Task >> No pictures belong in the copy. Restate the rest of the data exactly.

Raw data >>
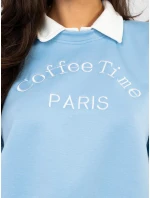 Súprava IT KMPL 22212.36 svetlo modrá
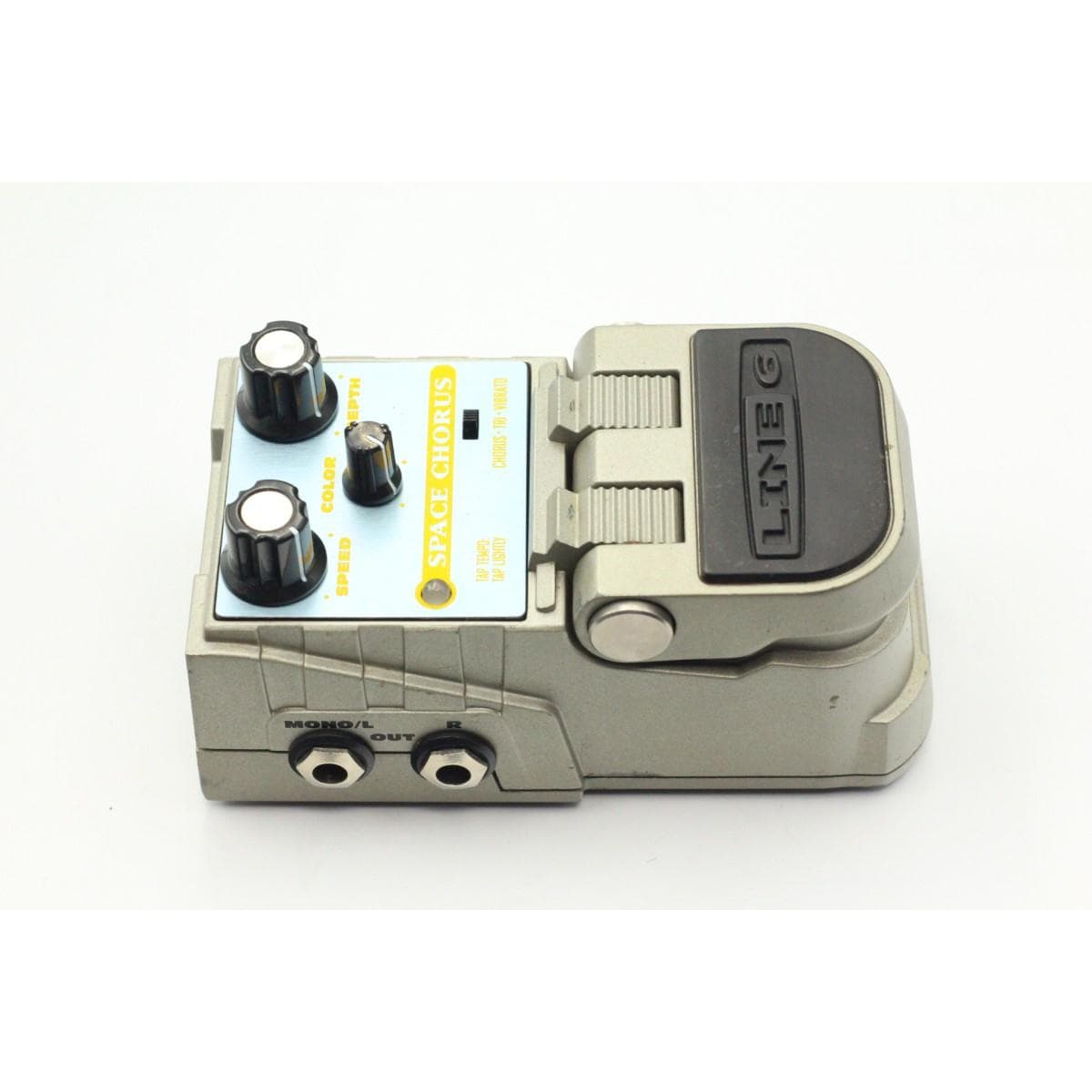 ＬＩＮＥ６　　ＳＰＡＣＥ　ＣＨＯＲＵＳ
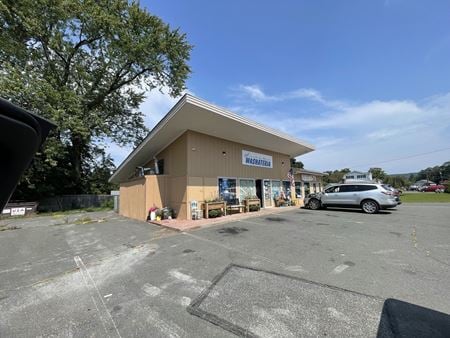 Photo of commercial space at 70 Windsor Avenue in Vernon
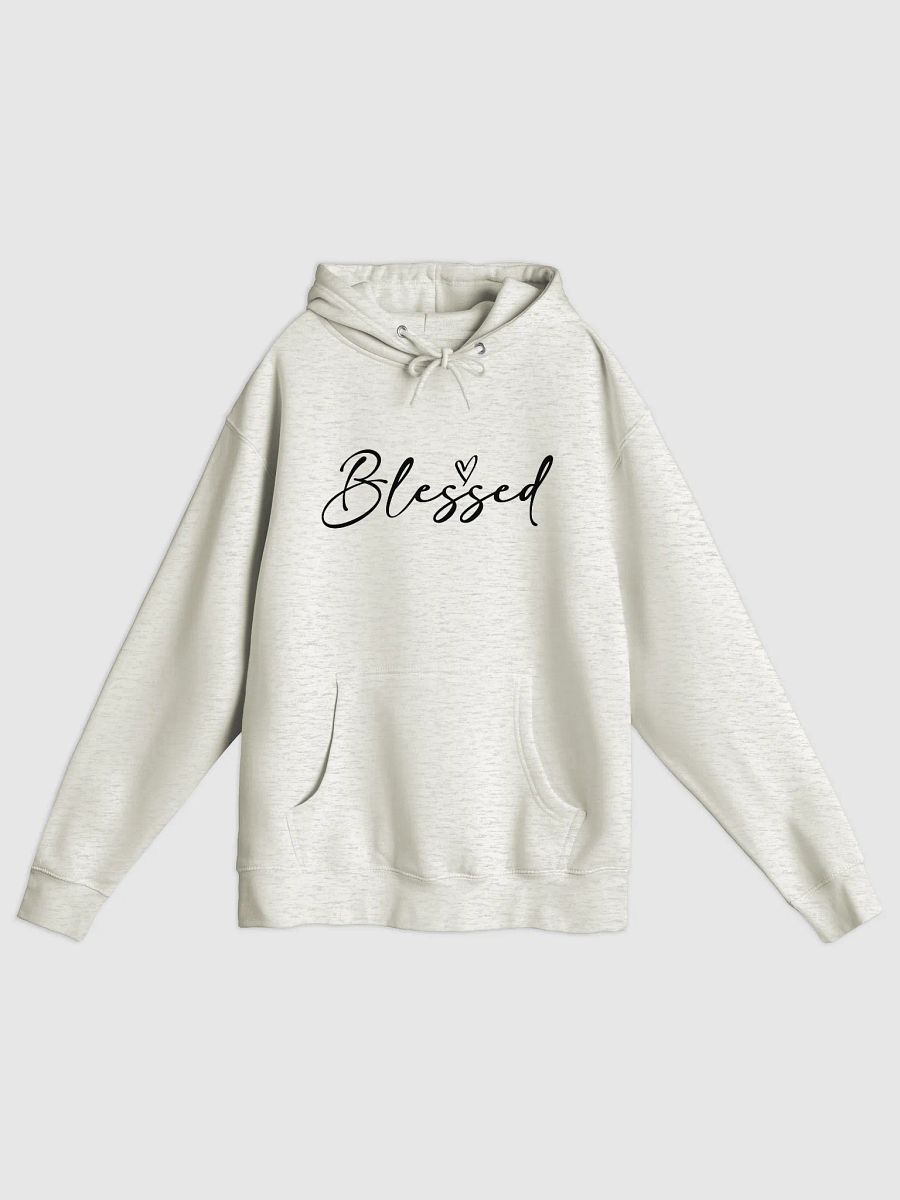 Blessed – Women’s Hoodie product image (1)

Task answer >>
 Súprava IT KMPL 22212.36 svetlo modrá
 ＬＩＮＥ６　　ＳＰＡＣＥ　ＣＨＯＲＵＳ
 Photo of commercial space at 70 Windsor Avenue in Vernon
 Blessed – Women’s Hoodie product image (1)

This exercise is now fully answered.